I've been struggling for some time a problem I can't seem to find a solution to.
The problem is that when I try to debug my CUDA code using Nvidia Nsight under Visual Studio 2008 I get strange results when using shared memory.
My code is:
template<typename T>
__device__
T integrate()
{
extern __shared__ T s_test[]; // Dynamically allocated shared memory
/**** Breakpoint (1) here ****/
int index = threadIdx.x + threadIdx.y * blockDim.x; // Local index in block. Column major ordering
if(index < 64 && blockIdx.x==0) { // Only work on a few values.

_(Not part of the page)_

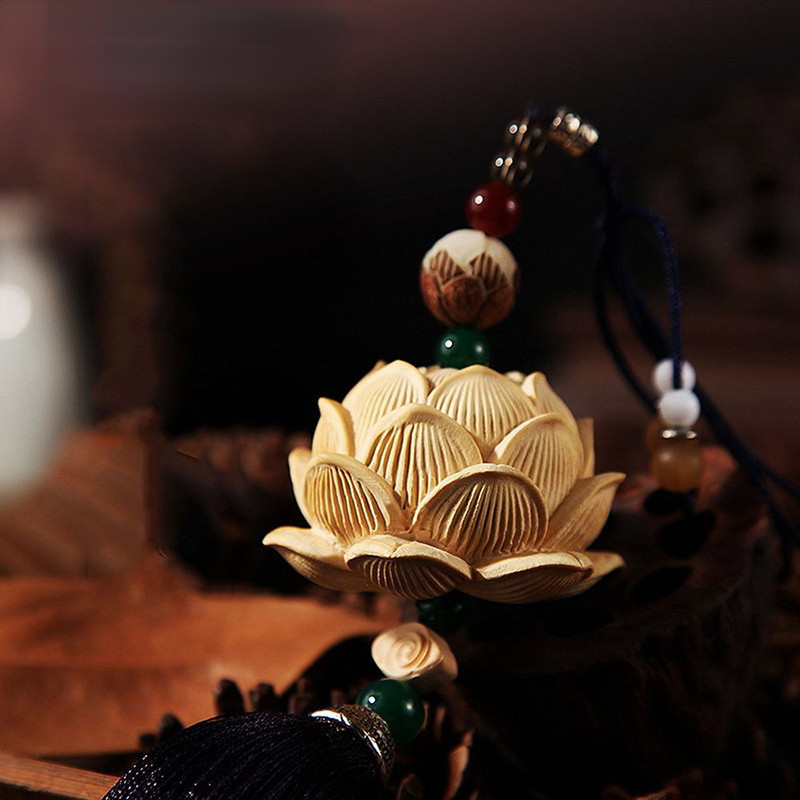 Tiyana Boxwood Carving Autó Belső Dekoráció Női Díszek Boutique Lotus 3D autós medál Áldás Lucky Travel Car Gadget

Just testing
s_test[index] = (T)index;
/* Some other irelevant code here */
}
return v;
}
When I reach Breakpoint (1)
and inspect the shared memory inside Visual Studio Watch window only the first 8 values of the array change and the others remain null. I would expect all first 64 to do so.
I thought it might have something to do with all warps not executing simultaneously. So I tried synchronizing them. I added this code inside integrate()
template<typename T>
__device__
T integrate()
{
/* Old code is still here */
__syncthreads();
/**** Breakpoint (2) here ****/
if(index < 64 && blockIdx.x==0) {
T tmp = s_test[index]; // Write to tmp variable so I can inspect it inside Nsight Watch window
v = tmp + index; // Use `tmp` and `index` somehow so that the compiler doesn't optimize it out of existence
}
return v;
}
But the problem is still there. Furthermore the rest of the values inside tmp
are not 0
as the Watch window from VS is indicating.
I must mention that it takes a lot of steps to step over __syncthreads()
, so when I reach it I just jump to Breakpoint (2)
. What is going on?
EDIT Information about the system/launch configuration
System
- Name Intel(R) Core(TM)2 Duo CPU E7300 @ 2.66GHz
- Architecture x86
- Frequency 2.666 MHz
- Number of Cores 2
- Page Size 4.096
- Total Physical Memory 3.582,00 MB
- Available Physical Memory 1.983,00 MB
- Version Name Windows 7 Ultimate
- Version Number 6.1.7600
Device GeForce 9500 GT
- Driver Version 301.42
- Driver Model WDDM
- CUDA Device Index 0
- GPU Family G96
- Compute Capability 1.1
- Number of SMs 4
- Frame Buffer Physical Size (MB) 512
- Frame Buffer Bandwidth (GB/s) 16
- Frame Buffer Bus Width (bits) 128
- Frame Buffer Location Dedicated
- Graphics Clock (Mhz) 812
- Memory Clock (Mhz) 500
- Processor Clock (Mhz) 1625
- RAM Type DDR2
IDE
- Microsoft Visual Studio Team System 2008
- NVIDIA Nsight Visual Studio Edition, Version 2.2 Build No. 2.2.0.12255
Compiler comands
1> "C:\Program Files\NVIDIA GPU Computing Toolkit\CUDA\v4.2\\bin\nvcc.exe" -G -gencode=arch=compute_10,code=\"sm_10,compute_10\" --machine 32 -ccbin "C:\Program Files\Microsoft Visual Studio 9.0\VC\bin" -D_NEXUS_DEBUG -g -D_DEBUG -Xcompiler "/EHsc /W3 /nologo /Od /Zi /RTC1 /MDd " -I"inc" -I"C:\Program Files\NVIDIA GPU Computing Toolkit\CUDA\v4.2\\include" -maxrregcount=0 --compile -o "Debug/process_f2f.cu.obj" process_f2f.cu
Launch configuration. The shared memory size and doesn't seem to matter. I've tried several versions. The one I've worked with the most is:
- Shared memory 2048 Bytes
- Grid/block sizes : {101, 101, 1} , {16, 16, 1}